# WCG-TPU Team Captain's Christmas Giveaway! (2nd Edition)



## Norton (Dec 24, 2014)

Hey Team,

   I got a promotion at work and a little extra in the bonus envelope this year so I've decided that last year's giveaway needs a sequel.... 



Spoiler:  The prize (click me)



*- A $100 Paypal gift!*


The drawing will be held tomorrow evening- *Christmas Eve**
*note- may opt to move to *Christmas* day depending on response
*Requirements/terms to qualify for the prize:*
* in order for your name to be drawn- you would need to be a member of this forum also (we will draw according to forum name so please post if WCG name is different)
*- Be an active WCG-TPU cruncher OR folder
- Joined the TPU crunching or folding Team at least 30 days ago
- Post in this thread**
* You can post as little as "Want" *or*...
- you can share a tale of giving that shows the spirit of the holidays
- share your crunching/folding plans for the new year
- potluck... post anything you want (within forum guidelines ofc)
*
- Winners will be chosen randomly using @theonedub's system (below):
*


Spoiler:  Random Drawing system provided by the theonedub



To ensure everyone gets a fair shake and to minimize any potential conflict of interest while maintaining the highest level of transparency- I have drafted a new way to draw winners. The system uses (3) members and works as follows:


> Originally Posted by The System
> Member 1: This member creates a list of all qualified participants usernames. This list is sent to Member 2.
> Member 2: Using the list of names, Member 2 will assign each entrant a unique number. A list of the usernames with the unique numbers is sent back to Person 1. The list of just the random numbers is sent to Member 3.
> Member 3: Member 3 has a list of just numbers. They use Random.Org or whatever random system to select which number wins a given prize. The list of winning numbers and the associated prize is then sent back to Member 1.
> ...


The system makes sure that there is no bias or other favoritism at play when winners are drawn.

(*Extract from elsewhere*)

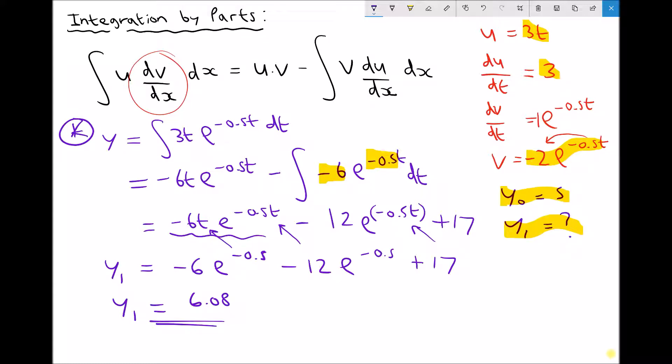So we've seen a couple of things in this example. First of all, we've seen how we can use integration by parts to simplify an integral — this was our original integral that we simplified. But we've also seen how we can use what we know about the integral and the initial conditions to find the value of the constant of integration. Once we found the value of the constant, we were able to find the value of the integral at a time of t equals 1.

Winners are drawn based on a random number instead of usernames- where a possibility exists to redraw if that person doesn’t like who won, draw a friend, draw themselves, pass on new members, or skip doing a random drawing all together.
My hope is that this will alleviate any concerns about drawings and their legitimacy. If it works smoothly, I would like to see this become the new standard when conducting giveaways that have prizes donated by the community.
If there are any questions about this system, drop me a PM.


*Thank you for your contributions this year- you guys are AWESOME!!! 

Have a Wonderful Holiday!!!



Spoiler:  and the winner is.....



TRWOV 


*


----------



## stinger608 (Dec 24, 2014)

*There once was this ole generous fellow that each year would try to bring joy to as many folks as he could. He held celebrations several times a year and amazed folks from all parts of the world. During these celebrations he would gather as many gifts

 as he could to share with folks from all walks of life. He always smiled when people would comment on their happiness when receiving his awesome gifts. And yet, every year he would never ask for anything in return or wish for his own gifts. Even 

during the Christmas season he would not ask for gifts and yet again offer up more gifts to enlighten people with the holiday cheers. * 


Can you guess who this jolly ole fellow is? Santa Claus? 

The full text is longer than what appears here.